● ASSIGNED TASK: Required from the data below: the exact lines starting at the line containing "Instead of the" and ending at the line containing "In August of", with both ends kept and all pictures dropped.

● DATA FOR PROCESSING:

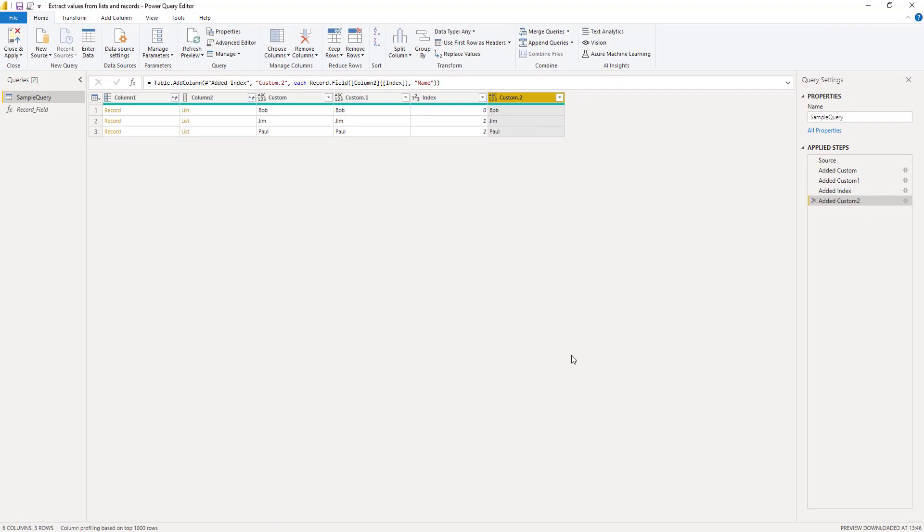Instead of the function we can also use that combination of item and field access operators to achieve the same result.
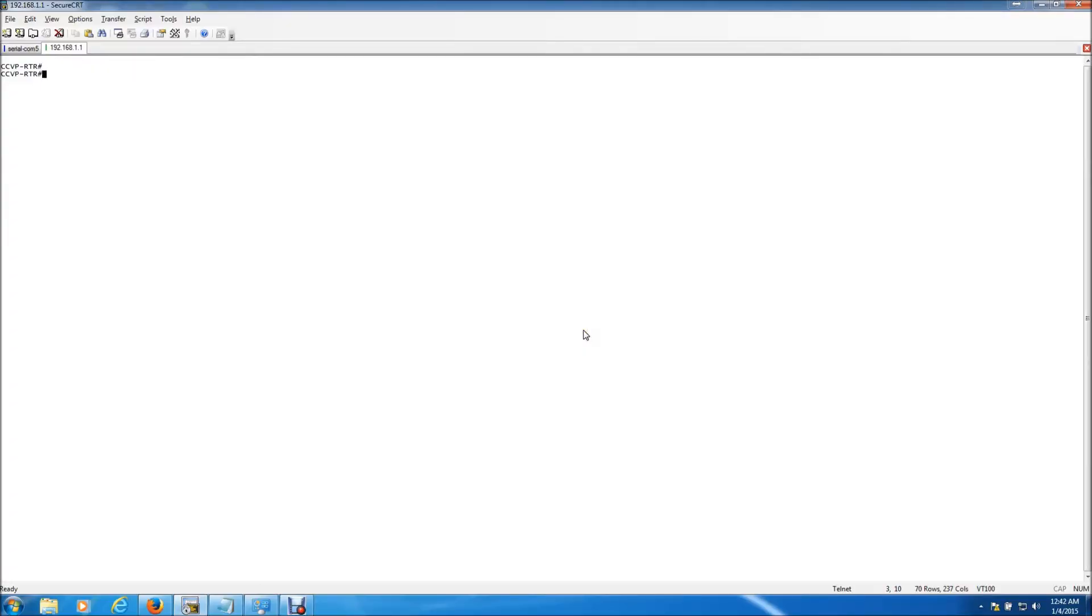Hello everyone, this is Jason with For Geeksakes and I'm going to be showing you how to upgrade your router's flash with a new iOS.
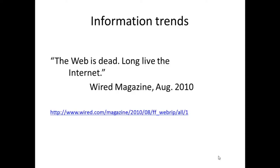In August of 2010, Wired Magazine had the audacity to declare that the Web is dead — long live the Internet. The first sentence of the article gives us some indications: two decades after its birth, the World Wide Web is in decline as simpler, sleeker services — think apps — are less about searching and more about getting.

* * *

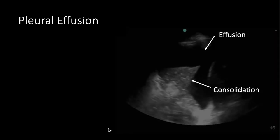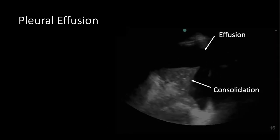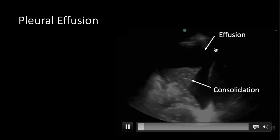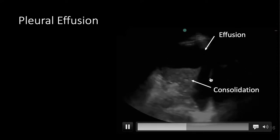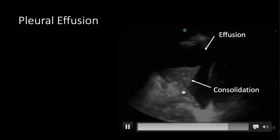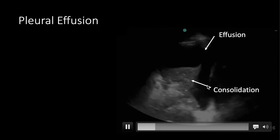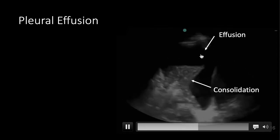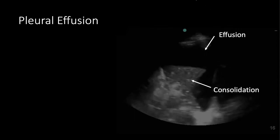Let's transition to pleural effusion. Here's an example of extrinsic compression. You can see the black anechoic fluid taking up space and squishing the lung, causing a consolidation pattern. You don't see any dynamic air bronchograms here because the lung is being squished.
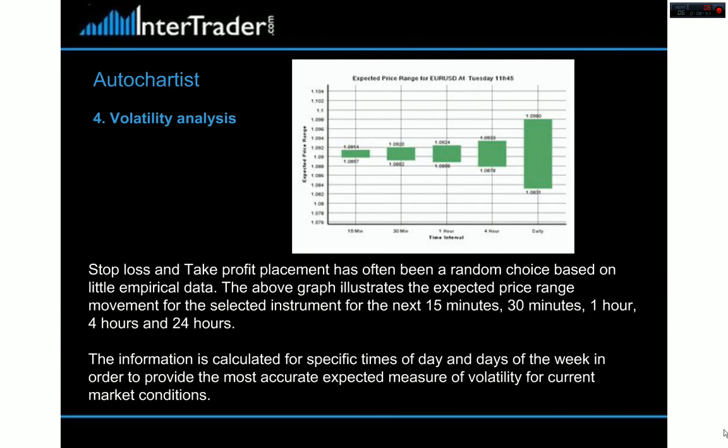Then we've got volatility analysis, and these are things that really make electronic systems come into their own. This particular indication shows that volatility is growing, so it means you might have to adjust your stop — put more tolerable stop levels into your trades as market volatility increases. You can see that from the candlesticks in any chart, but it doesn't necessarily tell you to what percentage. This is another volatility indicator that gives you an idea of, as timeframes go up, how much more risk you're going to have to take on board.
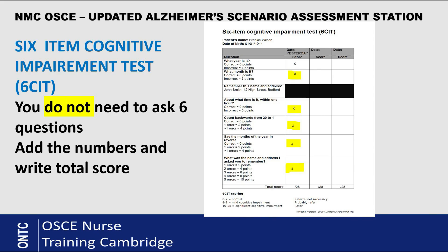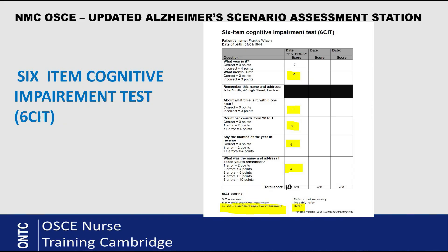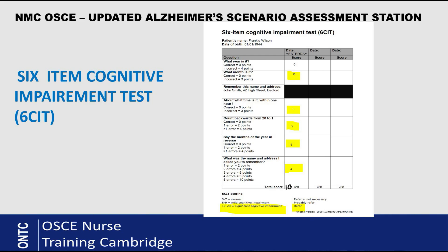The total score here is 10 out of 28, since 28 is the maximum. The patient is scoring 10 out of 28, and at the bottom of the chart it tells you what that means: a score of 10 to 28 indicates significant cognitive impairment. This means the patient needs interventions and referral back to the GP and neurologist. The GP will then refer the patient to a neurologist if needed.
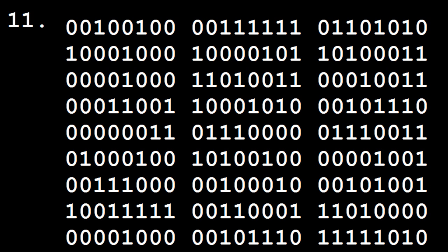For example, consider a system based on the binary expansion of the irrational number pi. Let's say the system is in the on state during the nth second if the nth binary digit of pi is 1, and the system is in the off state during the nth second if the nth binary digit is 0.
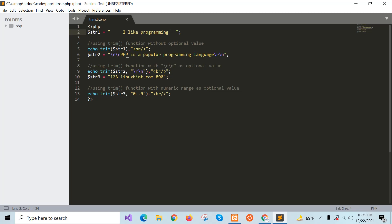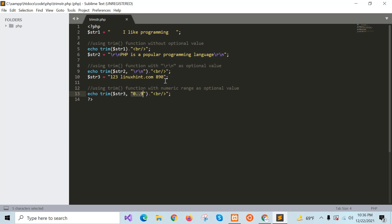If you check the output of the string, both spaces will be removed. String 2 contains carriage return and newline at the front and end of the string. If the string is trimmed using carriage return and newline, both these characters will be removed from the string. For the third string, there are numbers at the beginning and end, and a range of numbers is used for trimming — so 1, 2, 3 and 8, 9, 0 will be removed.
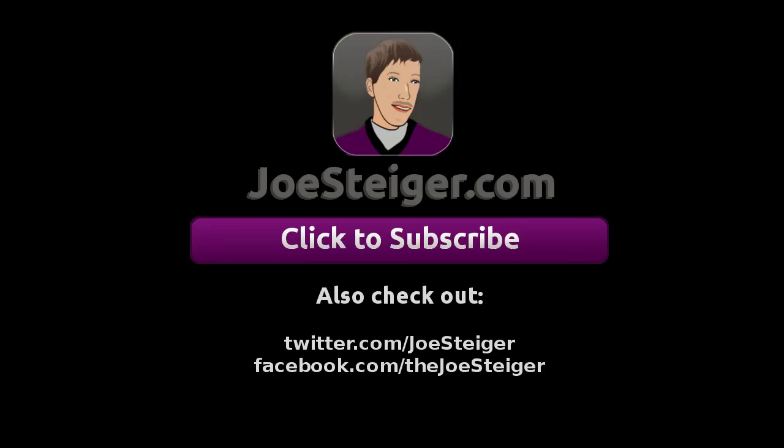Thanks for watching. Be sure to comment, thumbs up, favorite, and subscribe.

● EXPECTED OUTPUT:
Instead of the function we can also use that combination of item and field access operators to achieve the same result.
Hello everyone, this is Jason with For Geeksakes and I'm going to be showing you how to upgrade your router's flash with a new iOS.
In August of 2010, Wired Magazine had the audacity to declare that the Web is dead — long live the Internet. The first sentence of the article gives us some indications: two decades after its birth, the World Wide Web is in decline as simpler, sleeker services — think apps — are less about searching and more about getting.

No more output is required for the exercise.